Bar Counsel excepted to the hearing judge’s conclusion that Rand did not violate Rule 1.1 (Competent Representation) in his representation of Lieutenant Lunsford. The judge had found that Rand erred in his communication with Lunsford by failing to provide him with information reasonably necessary to permit Lunsford to make an informed decision regarding representation. After Lunsford paid the Rand, however, he diligently and competently pursued the Lieutenant’s case, kept Lunsford and the other Lieutenants reasonably informed, and put forth efforts that enabled the case to end favorably for all the lieutenants. Therefore, Rand did not violate Rule 1.1 (Competent Representation). Bar Counsel pointed to no evidence, other than the miscommunication itself, to support his argument that the judge’s finding was erroneous. Thus, Bar Counsel’s exception was overruled.
Bar Counsel next excepted to the hearing judge’s conclusion that Rand did not violate Rule 1.5(a), relating to fees. Bar Counsel argued that, because Lieutenant Lunsford was not a party to the grievance, nor could have become so at the time he engaged Rand, there was no possibility that Lieutenant Lunsford could obtain any relief and so any fee Rand accepted was unreasonable.
Lieutenant Lunsford could have joined his colleagues for solidarity purposes, a goal outside of remuneration. Most importantly, however, the hearing judge found that Rand’s suit provided the critical impetus for the across-the-board pay increase for the lieutenants so the fees paid by Lieutenant Lunsford were directly attributable to relief he received; as a result, Bar Counsel’s exception was overruled.
Finally, the hearing judge did not err in concluding that Rand did not violate Rule 8.4(d) with respect to his representation of Lieutenant Lunsford. Rand did not intentionally seek to mislead Lieutenant Lunsford about his ability to seek financial relief. Instead, Rand was sloppy. Mere mistake does not rise to the level of intentionality required for an 8.4 violation.

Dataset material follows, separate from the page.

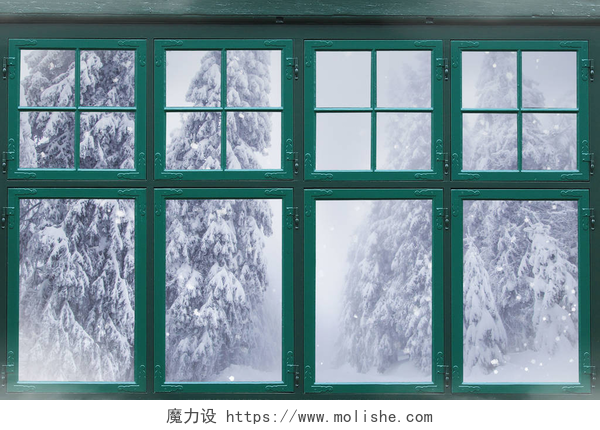 窗外覆盖雪的树林窗外的窗框，外面有白雪覆盖的冷杉树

Accordingly, each of Bar Counsel’s exceptions were overruled, and the petition was dismissed.
DISSENT: According to the dissent Bar Counsel’s exceptions to the hearing judge’s determinations that Rand did not violate MLRPC 1.1 and 1.5(a) should have been sustained. Moreover, the dissent would have overruled Rand’s exceptions and sustained the hearing judge’s relevant findings of fact and conclusion of law that Rand violated MLRPC 1.4.
Rand was reprimanded earlier in 2012 by the Commission, in an unrelated matter, for a violation of MLRPC 8.4(d). The misconduct leading to the reprimand arose in Rand’s personal bankruptcy filings in which he included unverified and inaccurate information, some of which was in documents offered under penalty of perjury. Of the typical aggravating factors that the Court may consider in settling on an appropriate sanction, see Atty. Griev. Comm’n v. Mininsohn, 380 Md. 536, 575 (2004), the record in the present case presented: (1) a prior disciplinary offense; (2) multiple offenses; (3) a respondent with substantial experience in the practice of law; and (4) a refusal to acknowledge the wrongful nature of the conduct. Accordingly, the dissent would have suspended Rand for thirty days.